Look for the line containing "曼联U18客场7-0击败利物" and the line containing "شهداء وجرحى في" in the entries below. Copy those two and all lines between them exactly, leaving out pictures.

■ Data for the task
__________

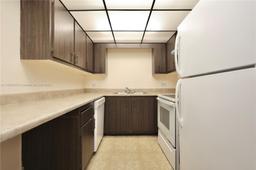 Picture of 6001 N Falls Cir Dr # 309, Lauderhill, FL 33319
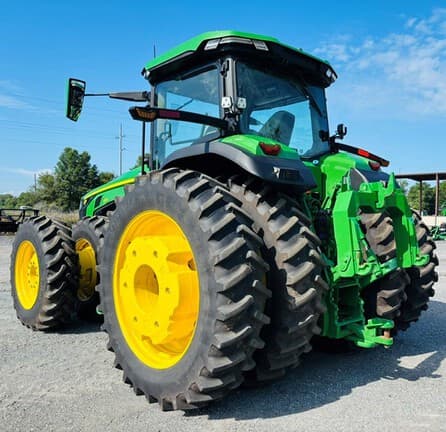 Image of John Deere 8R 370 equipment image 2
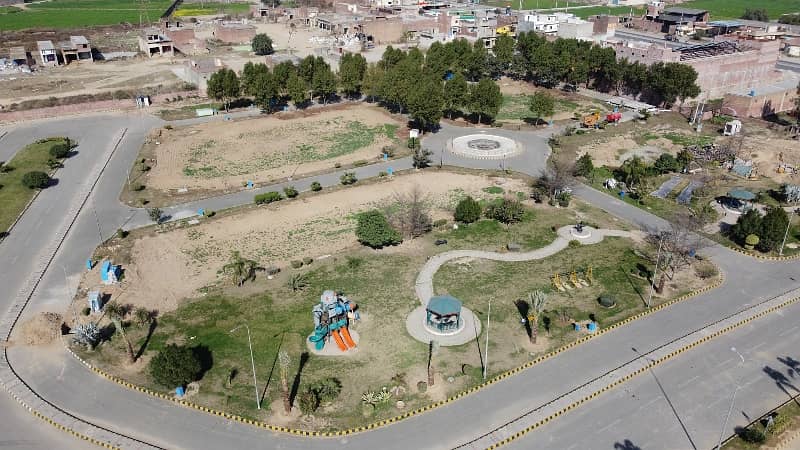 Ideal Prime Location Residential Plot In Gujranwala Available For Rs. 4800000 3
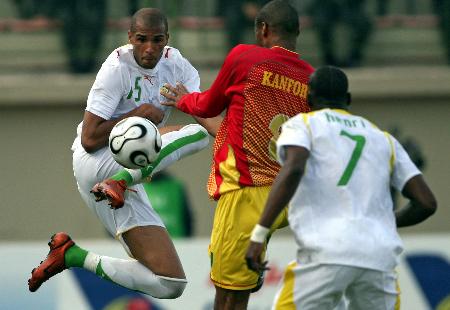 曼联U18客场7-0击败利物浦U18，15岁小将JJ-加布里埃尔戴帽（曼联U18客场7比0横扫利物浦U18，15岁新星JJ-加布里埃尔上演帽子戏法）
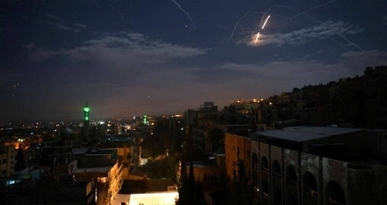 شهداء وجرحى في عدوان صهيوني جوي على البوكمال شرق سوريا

__________

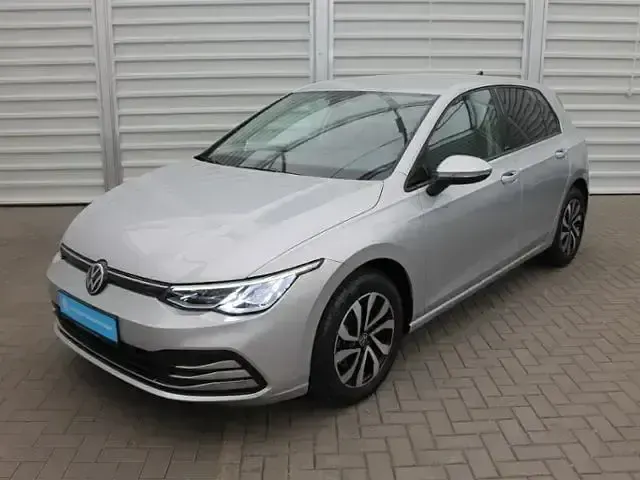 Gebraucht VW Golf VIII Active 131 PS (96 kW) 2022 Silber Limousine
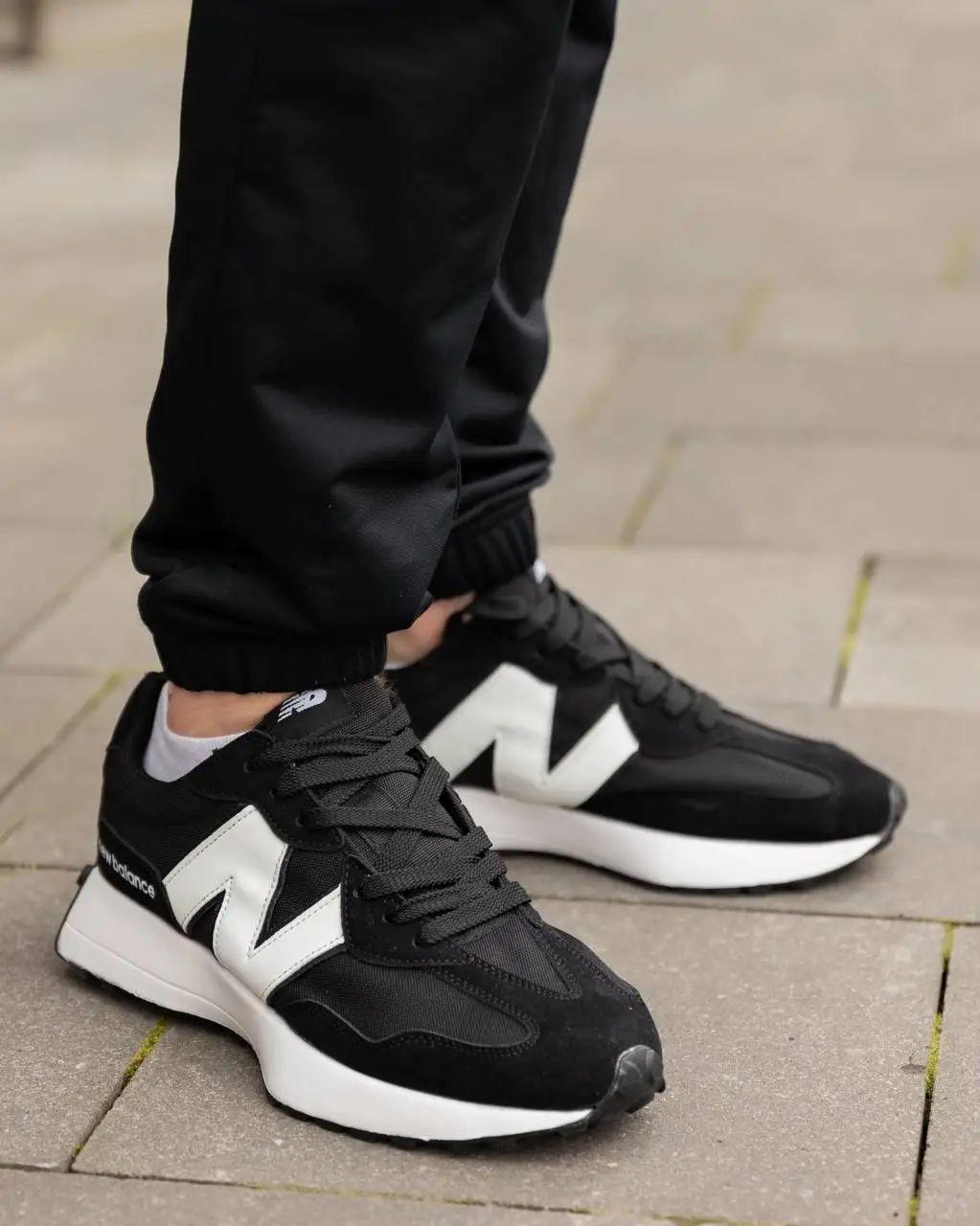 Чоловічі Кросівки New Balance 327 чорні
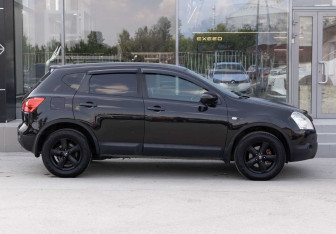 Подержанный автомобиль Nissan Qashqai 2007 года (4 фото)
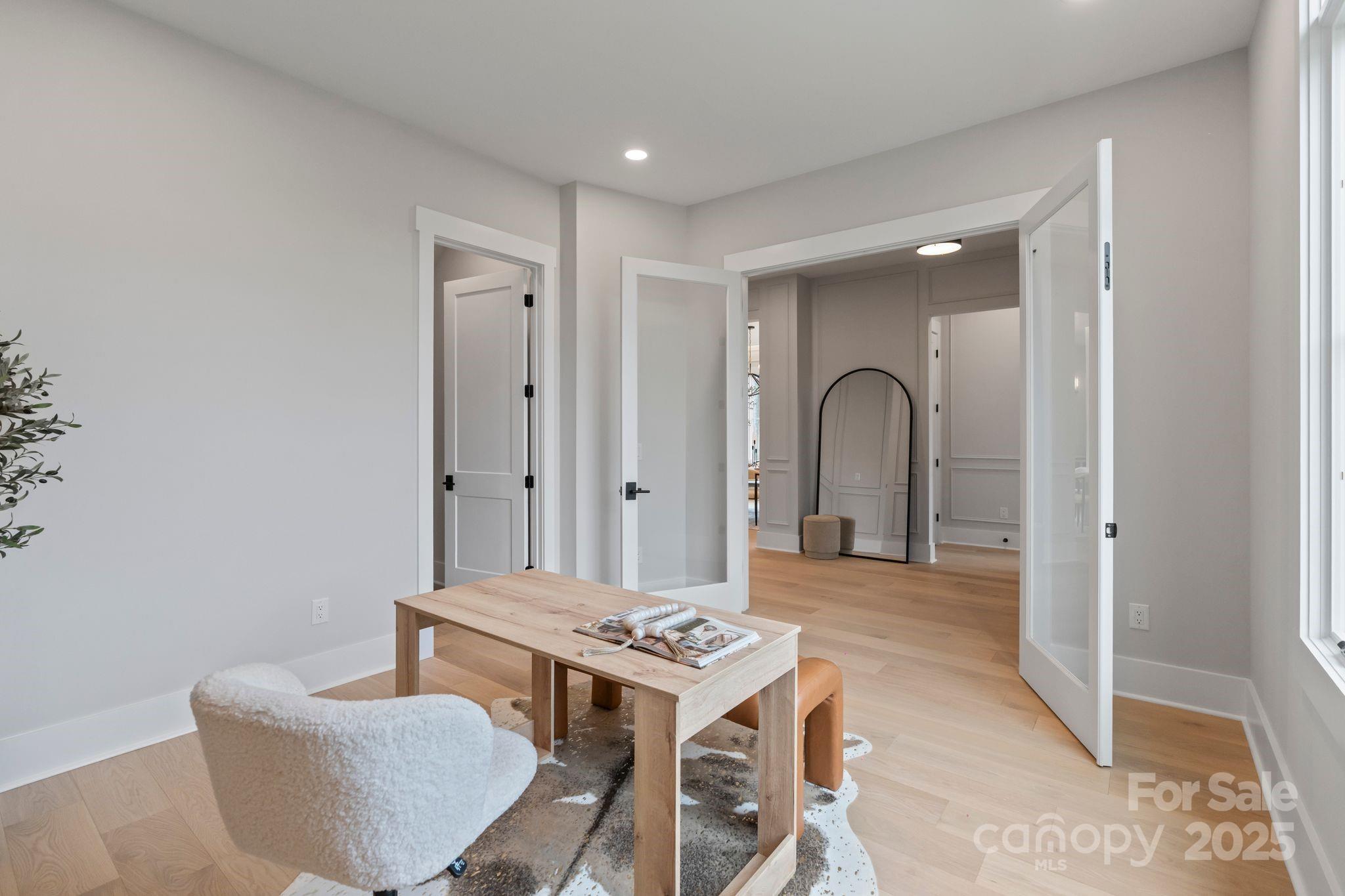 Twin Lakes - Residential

__________

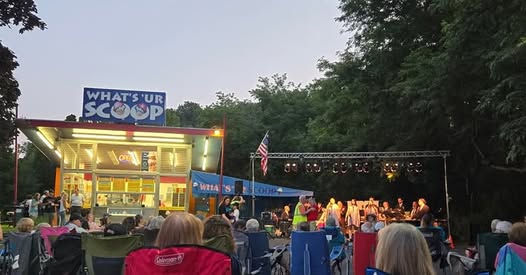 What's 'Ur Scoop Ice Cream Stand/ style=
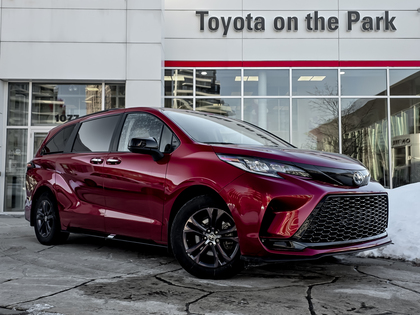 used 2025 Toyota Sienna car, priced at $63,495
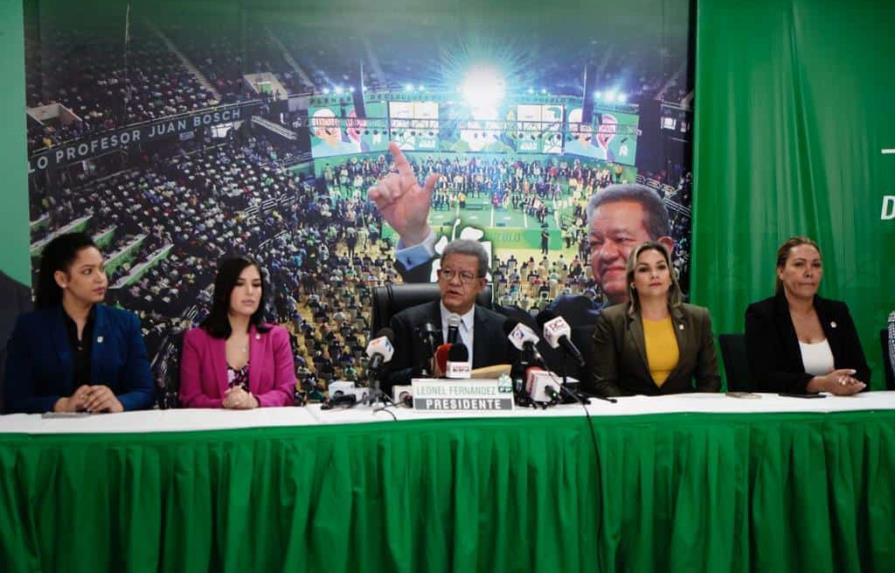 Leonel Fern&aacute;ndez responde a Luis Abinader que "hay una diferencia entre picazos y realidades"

__________

■ Result below
 曼联U18客场7-0击败利物浦U18，15岁小将JJ-加布里埃尔戴帽（曼联U18客场7比0横扫利物浦U18，15岁新星JJ-加布里埃尔上演帽子戏法）
 شهداء وجرحى في عدوان صهيوني جوي على البوكمال شرق سوريا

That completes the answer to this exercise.